Unlike English nouns, which usually do not change form except for the addition of an -s ending to create the plural or the apostrophe + s to create the possessive, personal pronouns (which stand for persons or things) change form according to their various uses within a sentence. Thus I is used as the subject of a sentence (I am happy.), me is used as an object in various ways (He hit me. He gave me a book. Do this for me.), and my is used as the possessive form (That's my car.) The same is true of the other personal pronouns: the singular you and he/she/it and the plural we, you, and they. These forms are called cases.

Personal pronouns can also be characterized or distinguished by person. First person refers to the speaker(s) or writer(s) ("I" for singular, "we" for plural). Second person refers to the person or people being spoken or written to ("you" for both singular and plural). Third person refers to the person or people being spoken or written about ("he," "she," and "it" for singular, "they" for plural). As you will see there, each person can change form, reflecting its use within a sentence. Thus, "I" becomes "me" when used as an object ("She left me") and "my" when used in its possessive role (That's my car"); "they" becomes "them" in object form ("I like them") and "their" in possessive ("That's just their way").

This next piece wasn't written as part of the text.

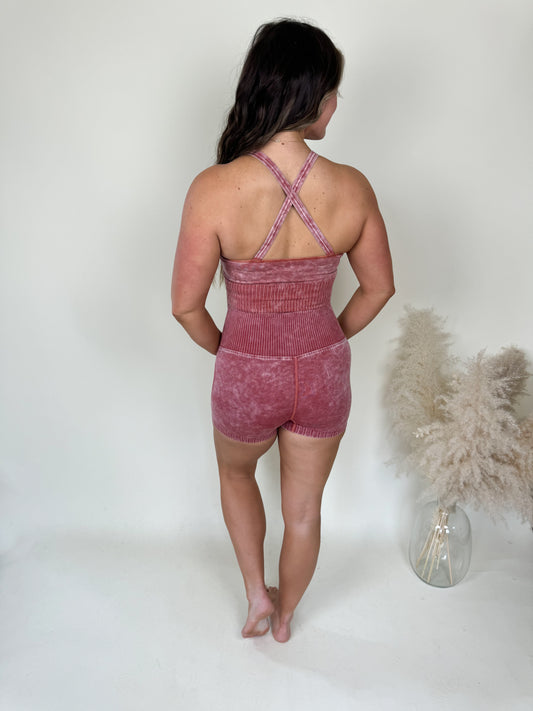 Washed Cross Back Top | Rust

When a personal pronoun is connected by a conjunction to another noun or pronoun, its case does not change. We would write "I am taking a course in Asian history"; if Talitha is also taking that course, we would write "Talitha and I are taking a course in Asian history." (Notice that Talitha gets listed before "I" does. This is one of the few ways in which English is a "polite" language.) The same is true when the object form is called for: "Professor Vendetti gave all her books to me"; if Talitha also received some books, we'd write "Professor Vendetti gave all her books to Talitha and me."

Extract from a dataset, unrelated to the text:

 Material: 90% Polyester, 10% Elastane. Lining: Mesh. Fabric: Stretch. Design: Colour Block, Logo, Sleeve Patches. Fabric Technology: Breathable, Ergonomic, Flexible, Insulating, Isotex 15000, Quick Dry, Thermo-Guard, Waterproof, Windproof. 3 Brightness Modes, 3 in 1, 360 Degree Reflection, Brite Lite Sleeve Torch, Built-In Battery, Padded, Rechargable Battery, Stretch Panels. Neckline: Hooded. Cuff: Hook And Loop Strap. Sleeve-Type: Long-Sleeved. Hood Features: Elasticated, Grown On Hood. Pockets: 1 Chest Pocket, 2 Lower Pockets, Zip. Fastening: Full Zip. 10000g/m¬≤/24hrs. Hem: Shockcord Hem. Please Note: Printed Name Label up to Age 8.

When a pronoun and a noun are combined (which will happen with the plural first- and second-person pronouns), choose the case of the pronoun that would be appropriate if the noun were not there.

  • We students are demanding that the administration give us two hours for lunch.

  • The administration has managed to put us students in a bad situation.

    With the second person, we don't really have a problem because the subject form is the same as the object form, "you":

  • "You students are demanding too much."

  • "We expect you students to behave like adults."

    Among the possessive pronoun forms, there is also what is called the nominative possessive: mine, yours, ours, theirs.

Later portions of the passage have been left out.